The Mitsubishi Outlander PHEV was the first plug-in hybrid SUV, and it has seen huge popularity ever since launch. Understandably so, given that – many years after it first appeared – the Outlander remains the most affordable way into a large plug-in hybrid SUV.

However, the competition has moved on and you’ve now got rivals in the shape of the MINI Countryman Cooper S E All4 through to the more expensive Volvo XC60 T8 Twin Engine. And don’t discount pure-electric alternatives such as the smaller yet cheaper Hyundai Kona Electric.

Not only that, but the Outlander PHEV is a tricky financial proposition for private buyers. There’s no government grant on plug-in hybrids any more, so you’ll need to find the full cash price (minus any discounts you can haggle), which can be as high as £45,000 for the top-spec model. 

Company-car buyers can rejoice, though, as the 46g/km CO2 emissions the Outlander PHEV achieves mean very low Benefit-in-Kind (BiK) tax.

The Mitsubishi Outlander PHEV features a 2.4-litre, four-cylinder petrol engine with two electric motors – one on each axle – to deliver 28 miles of pure electric running.

In electric mode, the Outlander drives with the typical smooth refinement of an electric car, and even with the petrol engine thrumming away it’s quieter than a diesel.

For all that, the automatic gearbox sometimes lets the engine rev higher than it needs to, and the handling is quite cumbersome, with lots of sway in the corners and performance that’s adequate at best.

There’s loads of space inside the big, bluff-looking Outlander.
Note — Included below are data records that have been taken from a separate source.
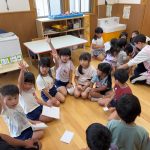 みんなが考えてきたレシピを参考にしながら、グループで話し合いました。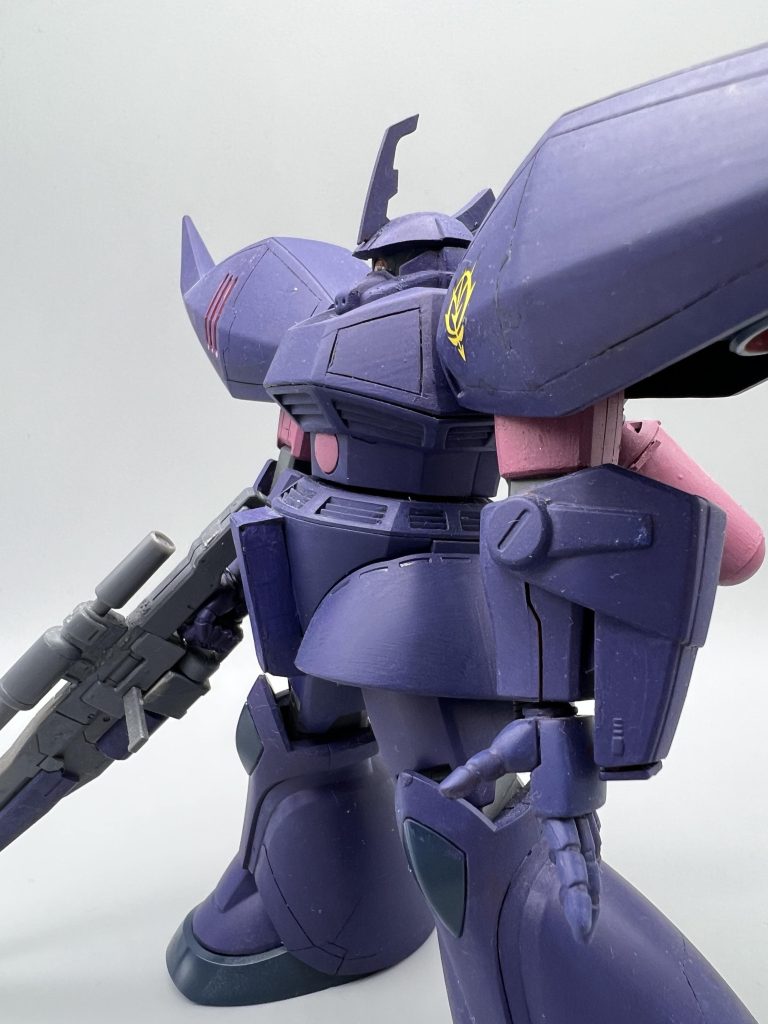 一年戦争時に開発されたゲルググの近代化改修機ではなくアクシズ工廠において新造された個体であるが、基本性能は一般配備されているリゲルグと同様である。一般機との違いは股間部に増設されたブロック状のセンサーユニットである。部隊の特性上秘密裏に訓練する必要があるため、アクシズのデブリ地帯での活動が主となっており、意識外からの危険なデブリの直撃を避ける目的で増設された。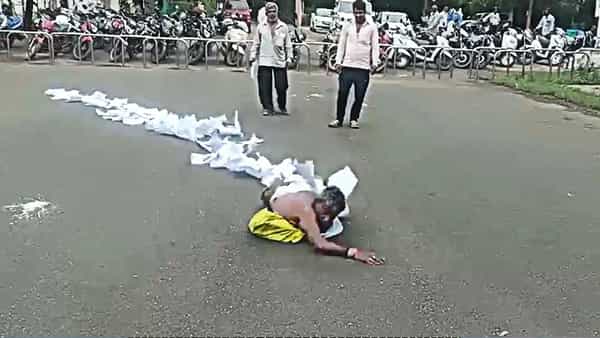 ఇదేంట్రా సామీ..! ఫిర్యాదు కాగితాల దండతో కలెక్టర్ కార్యాలయంలో పొర్లు దండాలు..!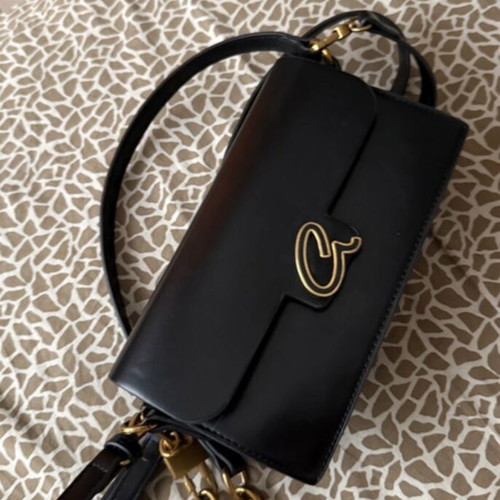 Axel leather crossbody bag, black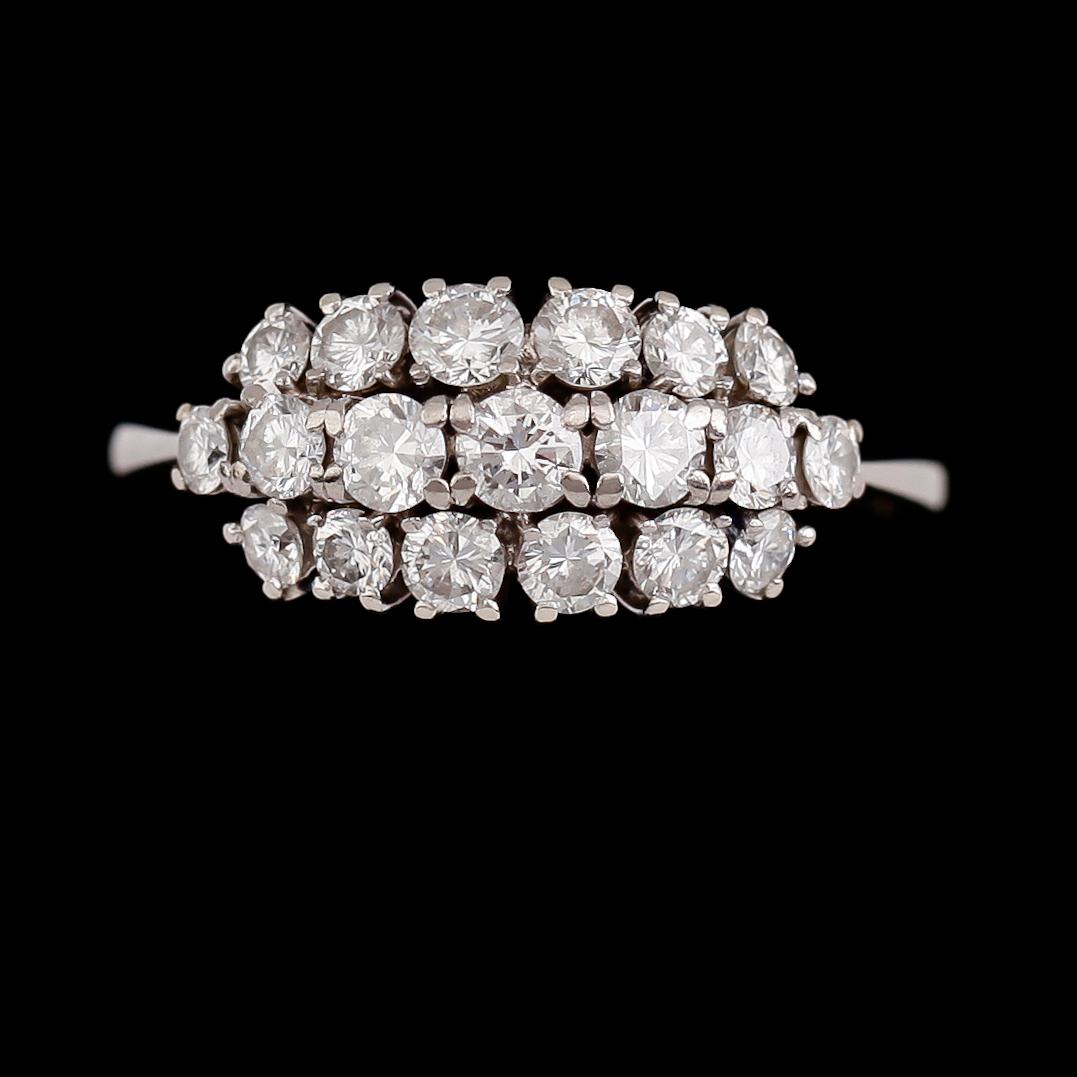 RING, 18 k vitguld, 19 briljantslipade diamanter tot ca 0.69 ct.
You’ll get three across the rear bench with relative ease, access is good for strapping kids in and a driver of any size or shape should be able to get comfortable.

 

There’s no seven-seat option in the PHEV, as there is in the petrol Outlander and rivals such as the Hyundai Santa Fe and Skoda Kodiaq.

Overall, the Mitsubishi Outlander PHEV continues to plug a gap in the market that no rival directly competes with, and until something does come along to challenge the Outlander, it remains the best-value big 4x4 plug-in hybrid you can buy. Just stick to the lower trim levels, as it really is hard to justify the £40,000-plus models.

However you dress it up, the Outlander PHEV makes most sense as a company car.